An agreement between a consumer and a business operator that purports to disclaim liability for any injuries that might occur will not be recognised by the court and will not operate as an effective disclaimer against liability under the Act.
Claims are subject to a statute of limitations of three years from the date the injured consumer knew of the injury and could identify the relevant business operator, or ten years from the sale of the good. Similar to toxic tort class actions, the legislation also includes a provision for cases in which symptoms do not occur for an extended period of time or injuries are caused by an accumulation of harmful substances in the body eg asbestos.
Also for the first time, the Thai courts are to be given explicit power to grant damages for mental injury. Furthermore, if the injured party dies, the husband, wife or heirs of the deceased are entitled to damages for mental injury.
If, during the course of the proceedings, it is discovered the business operator knew or should have known the goods were unsafe, the court is empowered to order punitive damages at a maximum of twice the amount of actual compensation.
It will be interesting to see how the Thai courts, not renowned for their largesse when it comes to consumer claims, make use of these new powers.
For retailers, risk minimisation is relatively easy. They must make sure that they can identify the manufacturers or importers of all the goods they sell. If they can identify the manufacturer or importer they will be able to avoid liability, unless some conduct on their part has caused the injury (in which case the manufacturer and importer may have rights of subrogation against the retailer).

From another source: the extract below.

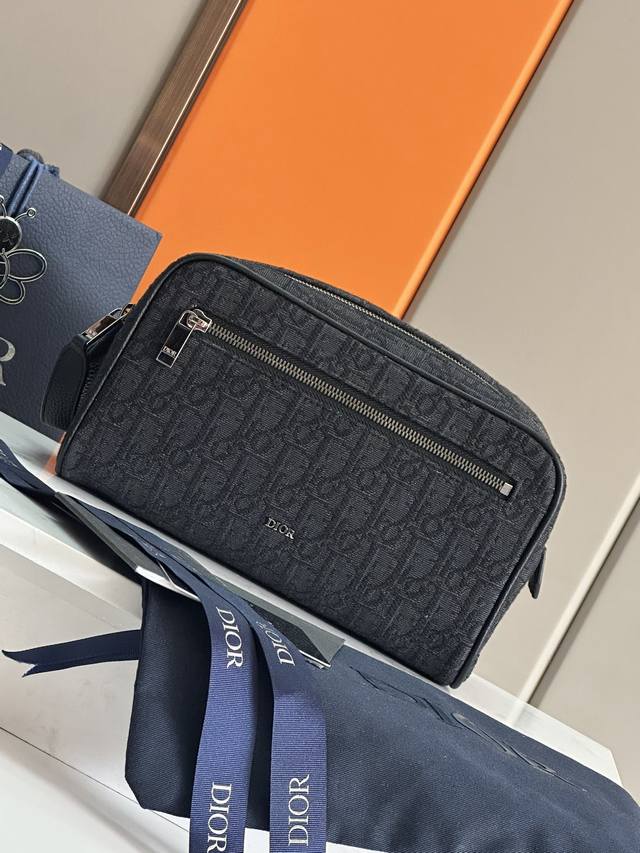 这款洗漱包是二零二四春季男装系列新品,融合实用功能与简约设计。采用米色和黑色 Oblique 印花面料精心制作,饰以黑色粒面牛皮革饰边,正面点缀以 Dior 标 这款洗漱包是二零二四春季男装系列新品,融合实用功能与简约设计。采用米色和黑色 Oblique 印花面料精心制作,饰以黑色粒面牛皮革饰边,正面点缀以 Dior 标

For manufacturers and importers, one important point of focus should be warning labels. Thai courts are unlikely to think much of English language warning labels that most Thai consumers may struggle to understand – so manufacturers and importers should get them translated.
Another point of focus will be on manufacturers and importers agreeing among themselves about how any liability should be shared. While consumer disclaimers won’t work, appropriately worded provisions can bind a manufacturer or importer, subject to the caveat that Thai law does not enforce disclaimers from liability for fraud or gross negligence.